Exercise requirements
Drop all images. Then write out each line below exactly as given.

Extracted material
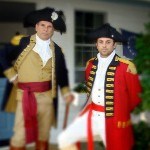 Benedict Arnold & John Andre Benedict Arnold & John Andre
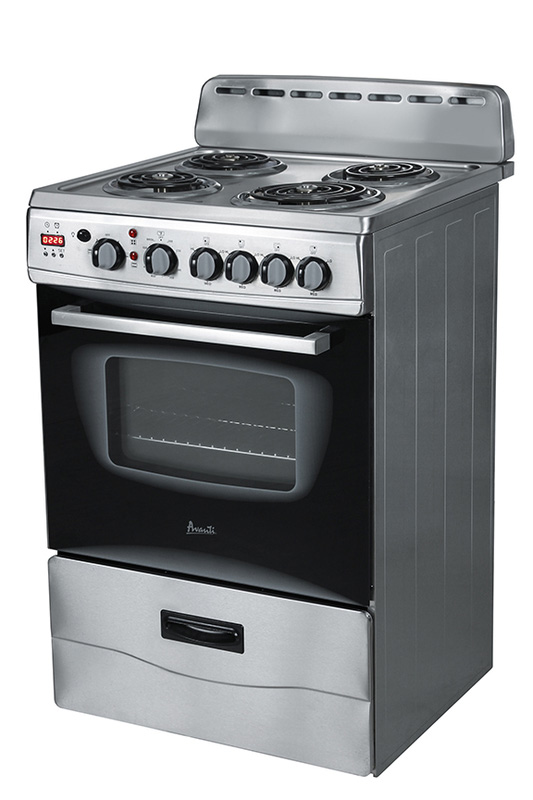 Avanti - ERU240P3S - Electric Ranges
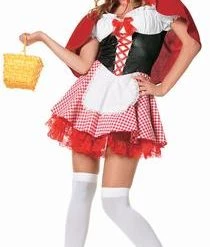 Leg Avenue Sexy Lil Red Riding Hood Costume Newest Products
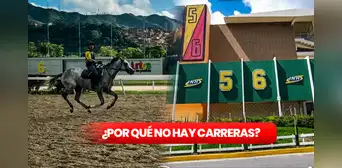 5y6 de La Rinconada HOY, domingo 28 de julio: ¿cuándo hay carreras y por qué no hay actividad hípica? 5y6 de La Rinconada HOY, domingo 28 de julio: ¿cuándo hay carreras y por qué no hay actividad hípica?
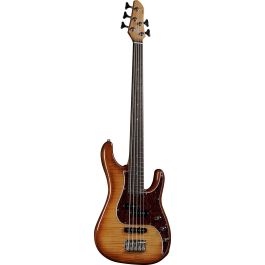 EKO Aire 800 Musa 5 Cuerdas - Bajo Eléctrico Honey Burst de Aliso macizo con diapasón de palisandro Precio: 870.21264. SKU: B1ASX2KM6E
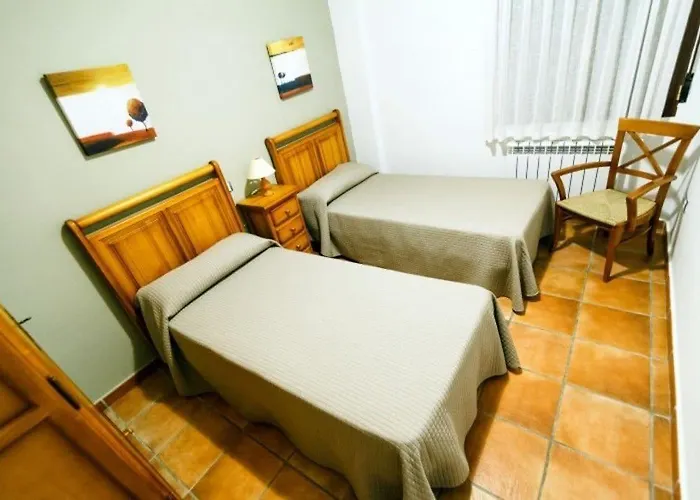 Hotel Rurales Sierra De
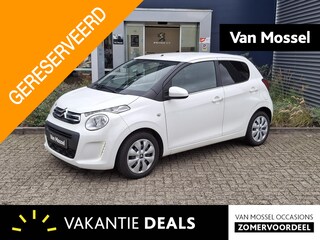 Citroën C1 1.0 VTi Feel | AIRCONDITIONING | BLEUTOOTH |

Answer to this task
 Benedict Arnold & John Andre Benedict Arnold & John Andre
 Avanti - ERU240P3S - Electric Ranges
 Leg Avenue Sexy Lil Red Riding Hood Costume Newest Products
 5y6 de La Rinconada HOY, domingo 28 de julio: ¿cuándo hay carreras y por qué no hay actividad hípica? 5y6 de La Rinconada HOY, domingo 28 de julio: ¿cuándo hay carreras y por qué no hay actividad hípica?
 EKO Aire 800 Musa 5 Cuerdas - Bajo Eléctrico Honey Burst de Aliso macizo con diapasón de palisandro Precio: 870.21264. SKU: B1ASX2KM6E
 Hotel Rurales Sierra De
 Citroën C1 1.0 VTi Feel | AIRCONDITIONING | BLEUTOOTH |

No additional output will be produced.